We measured [Ca2+]i in isolated mudpuppy taste cells using calcium imaging with the Ca2+-sensitive fluorescent dye fura-2. Mature taste cells were identified by their elongate shape and apical fluorescence of the FITC-WGA applied to the epithelium before dissociation (Fig.1A,B). Under control conditions, isolated taste cells had intracellular calcium levels of 71 ± 1 nm (n = 203). Denatonium benzoate increased [Ca2+]i in >80% of the taste cells tested. The increase in [Ca2+]i occurred initially at the apical tip of the taste cell, then spread basolaterally until [Ca2+]i was increased over the entire cell (Fig. 1C). The initial response occurred in the apical end, even though the denatonium was bath-applied to the entire cell. The time course of the response is shown in Figure 1D. The peak response occurred near the first measurement, which was ∼5 sec after application of denatonium to the recording chamber. Intracellular Ca2+ levels began to decline in the presence of denatonium and then decreased further to baseline levels after the denatonium was washed from the chamber (Figs. 1D, 2). The peak [Ca2+]i elicited by 5 mmdenatonium benzoate was usually 50–150% of the resting [Ca2+]i (133 ± 4 nm,n = 203). Repeated applications of denatonium to the same cell resulted in similar increases in [Ca2+]i, as long as the cell was washed for at least 3 min after each application of denatonium (first application, 130 ± 12 nm; second application, 133 ± 14 nm, n = 16) (Figs. 1D,3). Sodium benzoate (5 mm) failed to increase [Ca2+]i in five taste cells that responded to denatonium benzoate (5 mm), suggesting that benzoate itself has no effect on the taste cells. We also measured [Ca2+]i in nontaste lingual epithelial cells; denatonium failed to increase [Ca2+]i in any of these cells.

Fig. 3.

Fig. 3.

Denatonium-induced changes in [Ca2+]i depended on intracellular stores. This graph shows maximum denatonium-induced changes in [Ca2+]i expressed as a percentage of resting [Ca2+]i.

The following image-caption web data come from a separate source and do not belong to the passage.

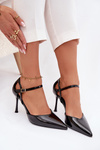 Lacquered High Heels with Strap Black Tarilin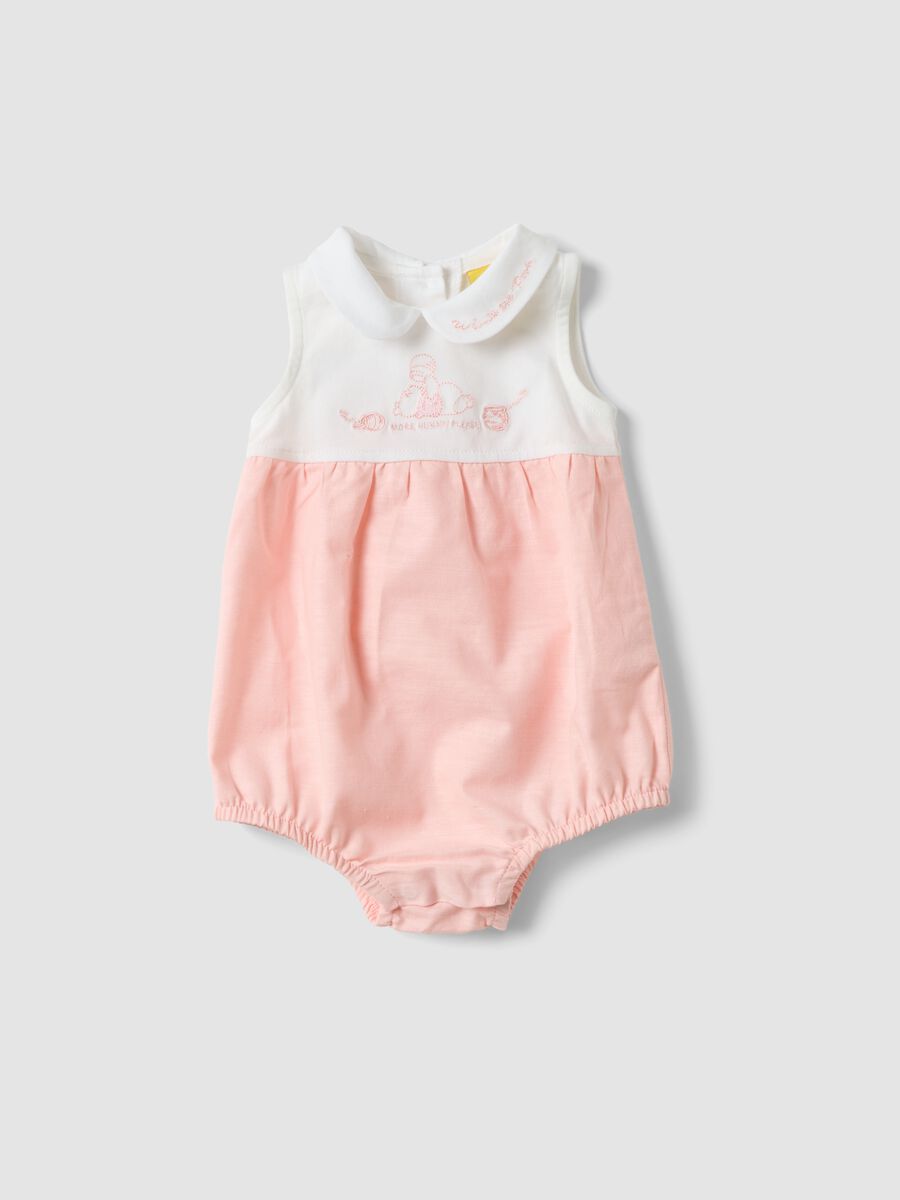 Pink and white organic cotton romper with classic collar_0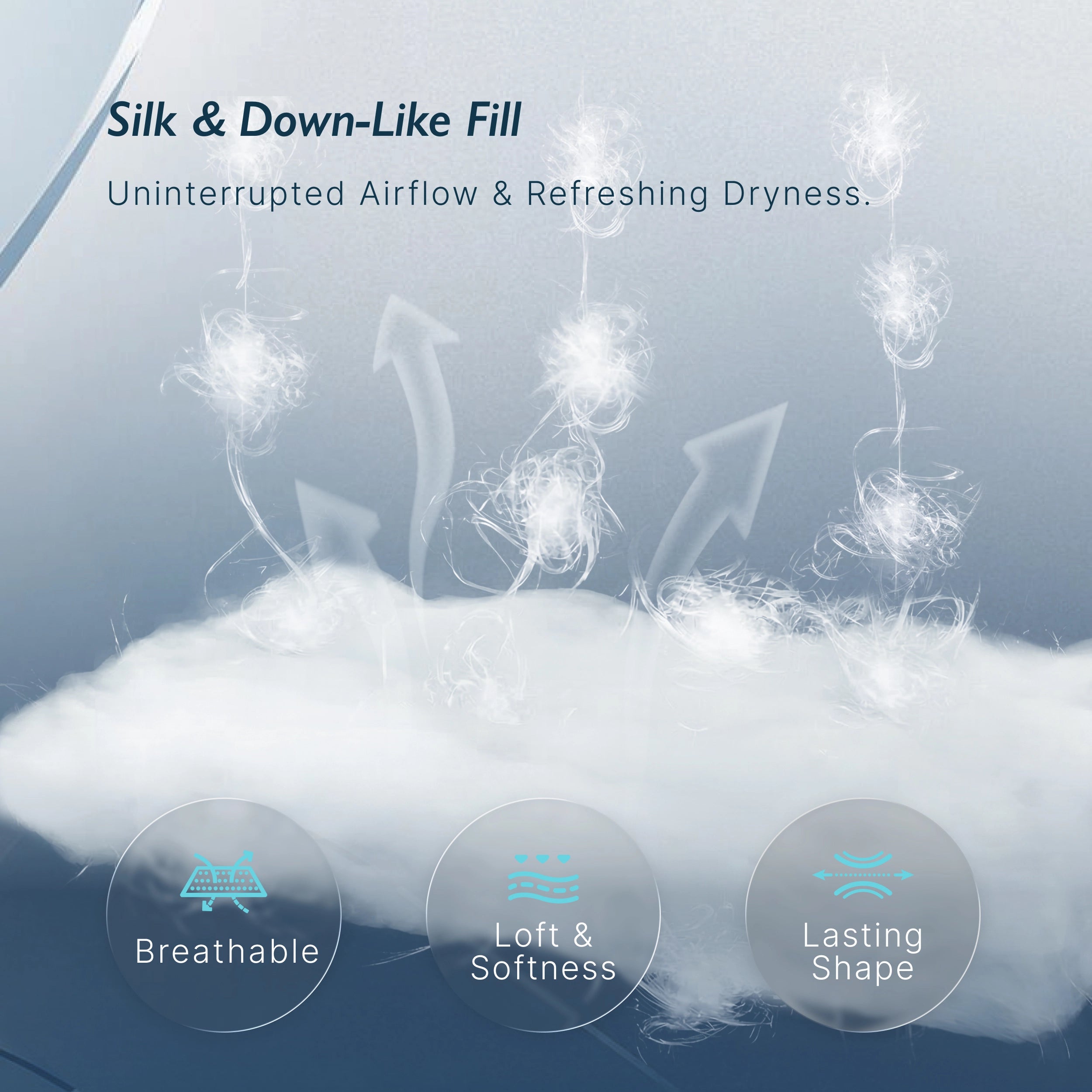 Breescape Misty Grey cooling comforter fill: silk/down-like texture, airflow, breathable, soft, lasting shape.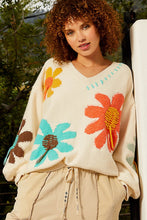 Load image into Gallery viewer, POL Floral Pattern Print Sweater in Ivory ON ORDER Sweaters POL Clothing   
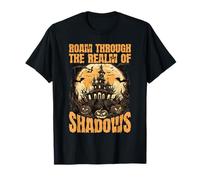 Roam Through Realm of Shadows Halloween Vacation Traveling Maglietta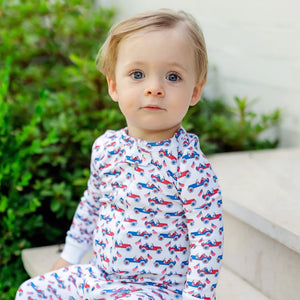 Patriotic Jeeps Parker Boy Zipper Pajama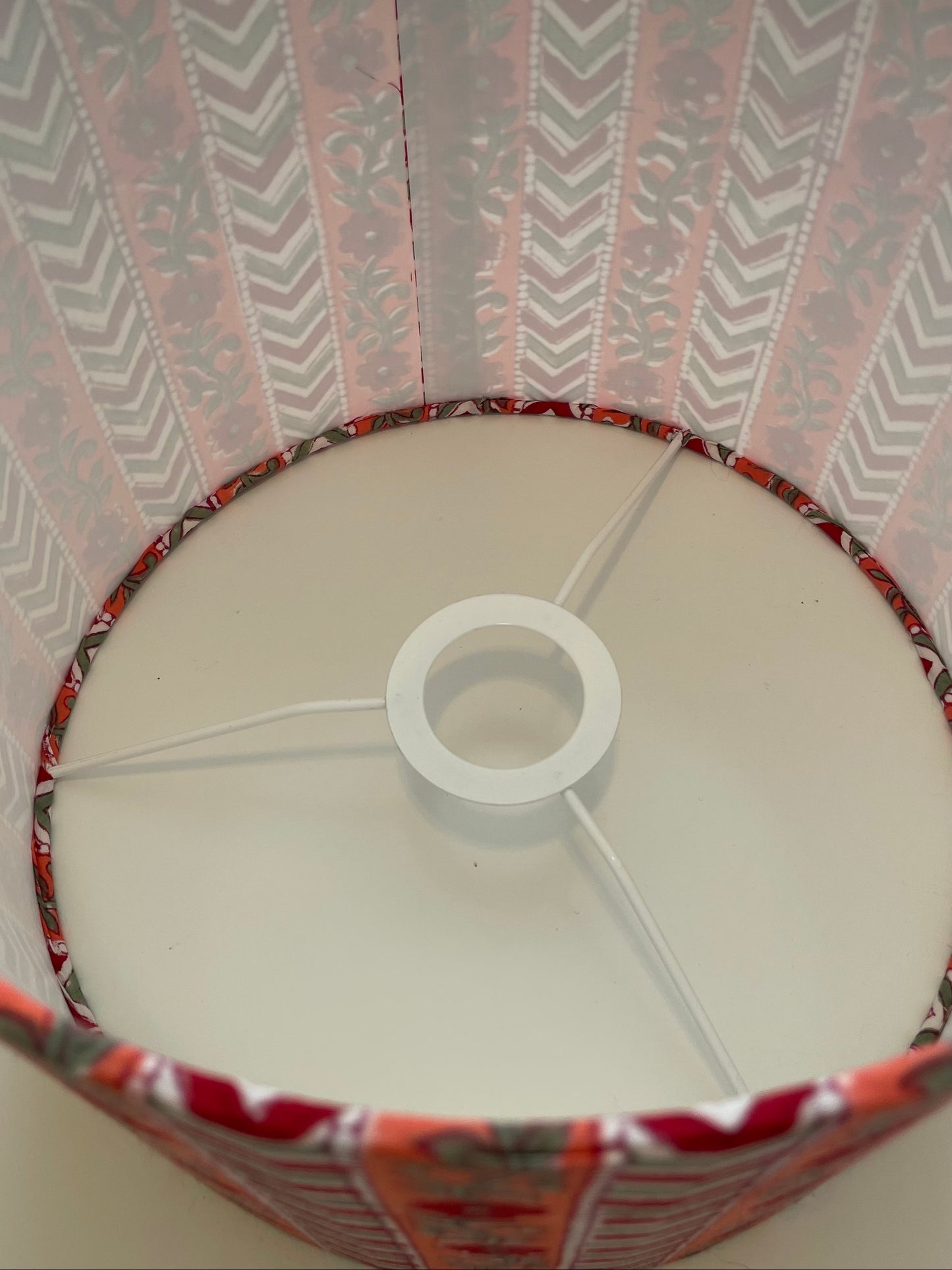 *SAMPLE SALE* 10 Inch Drum Lamp Shade. Pink and Red Stripe. Indian Block Print.
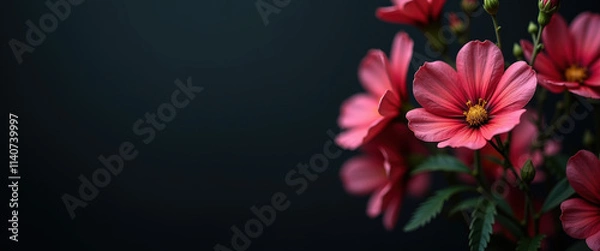 Fototapeta Vibrant carnations on a dark background, ideal for seasonal greetings and creating artistic banners.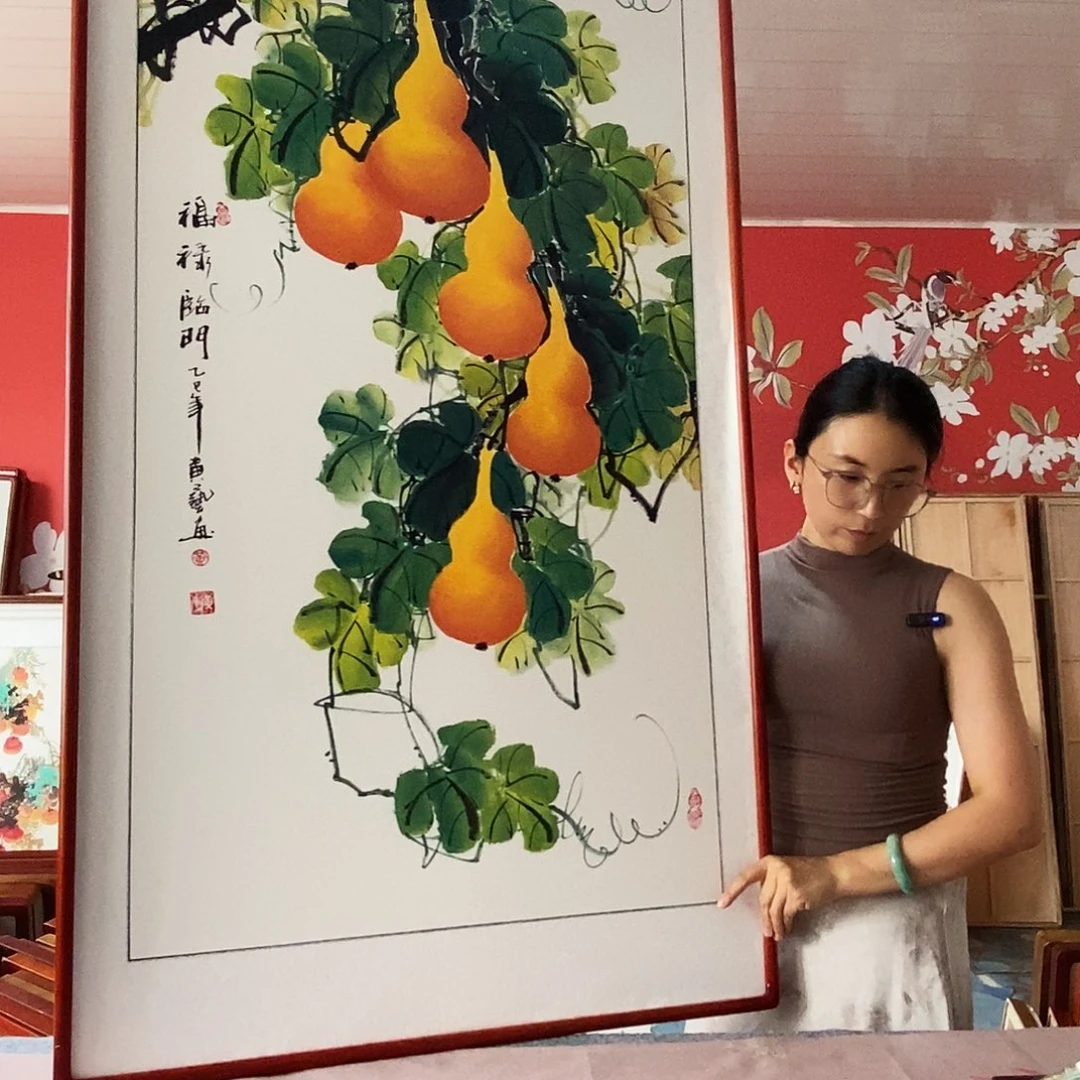 李***㐅国画手写手绘带框包邮82✖️162国画作品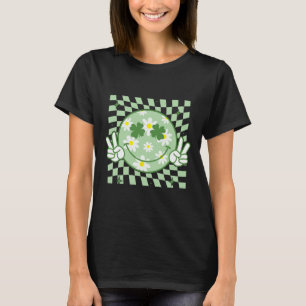Camiseta Groovy Shamrock sorri Cara de Dia de São Patrício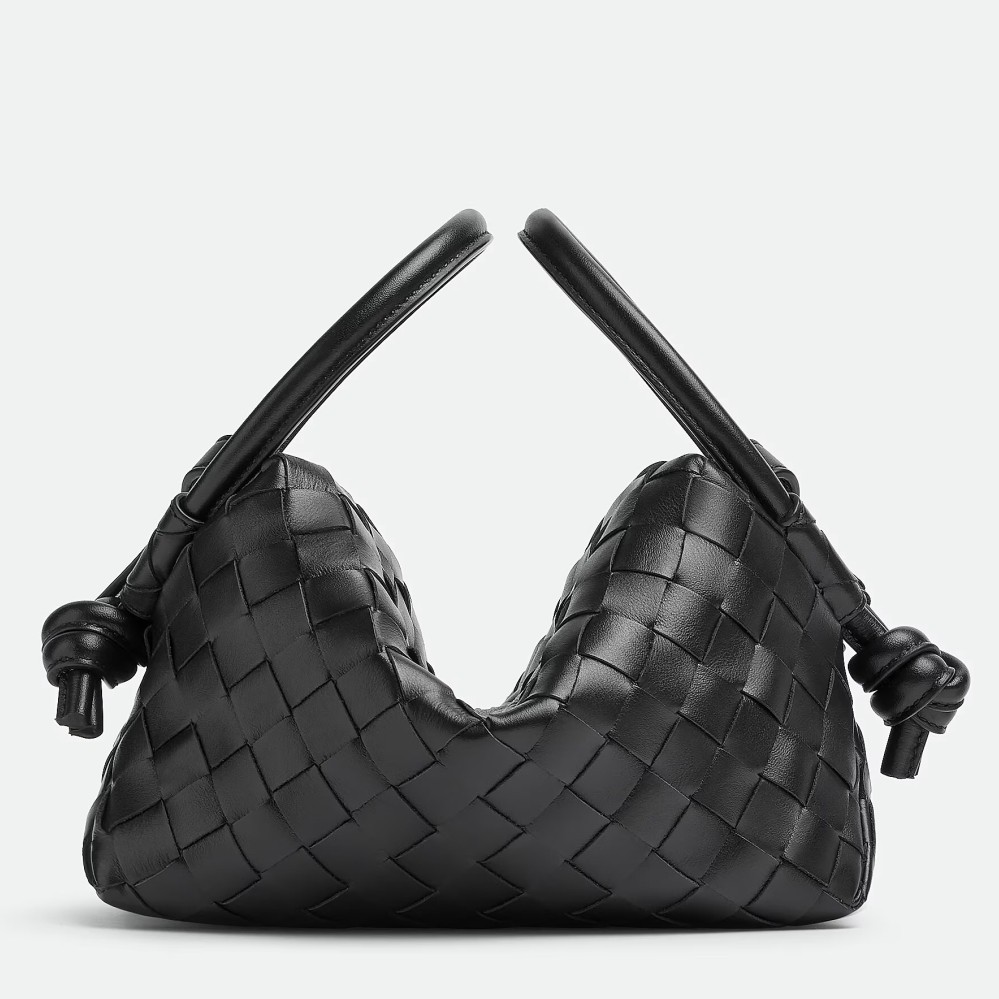 bo*te*ga Ve*ne*ta small loop crossbody bag in black intrecciato lambskin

Cells were tested twice, before (hatched bars) and during or after (open bars) the treatments indicated, as illustrated in Figure 2[Ca2+-free bath solution (0 Ca; n = 17), thapsigargin (n = 34), ryanodine (n = 12), and U73122 (n = 18)]. Control cells were tested twice, as illustrated in Figure1D (n = 16), the first and second stimulations indicated by the hatched andopen bars, respectively.

Calcium was released from intracellular stores

To determine whether extracellular Ca2+ was required, we measured [Ca2+]i in response to denatonium in Ca2+-free APS. In this medium, the resting [Ca2+]i was reduced (initial level, 73 ± 6 nm; Ca2+-free APS, 65 ± 2 nm; n = 17), but not significantly (paired, one-tailed Student’s t test = 1.52, df = 16,p = 0.07). The denatonium response persisted in all taste cells tested, although the magnitude of the response was usually smaller than in Ca2+-containing APS (Figs.2A, 3). This reduction in the denatonium response was statistically significant (paired Student’s t test = 2.37, df = 16, p < 0.05). These data illustrate that the response to denatonium persisted in Ca2+-free APS and suggest that at least the major part was mediated by calcium release from intracellular stores. To investigate the role of calcium stores in the response, we used thapsigargin, a Ca2+-ATPase inhibitor. Thapsigargin prevents calcium uptake into the intracellular stores (Chu et al., 1988; Meyer and Stryer, 1990; Thastrup et al., 1990). This results in a gradual depletion of calcium from the intracellular stores as the calcium leaks out and is not replenished. We tested the effect of thapsigargin on 34 cells that responded to denatonium. Thapsigargin (1 μm) increased [Ca2+]i to a variable extent in all of these cells. This increase in [Ca2+]i was slow, and the peak [Ca2+]i was smaller than the denatonium responses in most cells tested (initial level, 79 ± 4 nm; after thapsigargin, 108 ± 7 nm;n = 34). After a 16 min incubation with thapsigargin, which should be sufficient for store depletion, 5 mmdenatonium failed to increase [Ca2+]i in 27 of 29 cells tested (Figs. 2B, 3). This effect of thapsigargin on the response to denatonium was statistically significant (paired Student’s t test = 5.40, df = 26, p < 0.0001). These data strongly suggest that denatonium releases calcium from internal stores and not from extracellular influx, because thapsigargin inhibited completely the denatonium response. Thus, the decrease in the response to denatonium in Ca2+-free APS may be attributable to a requirement of extracellular Ca2+ for reloading of the intracellular stores, as has been shown in neurons (Thayer et al., 1988).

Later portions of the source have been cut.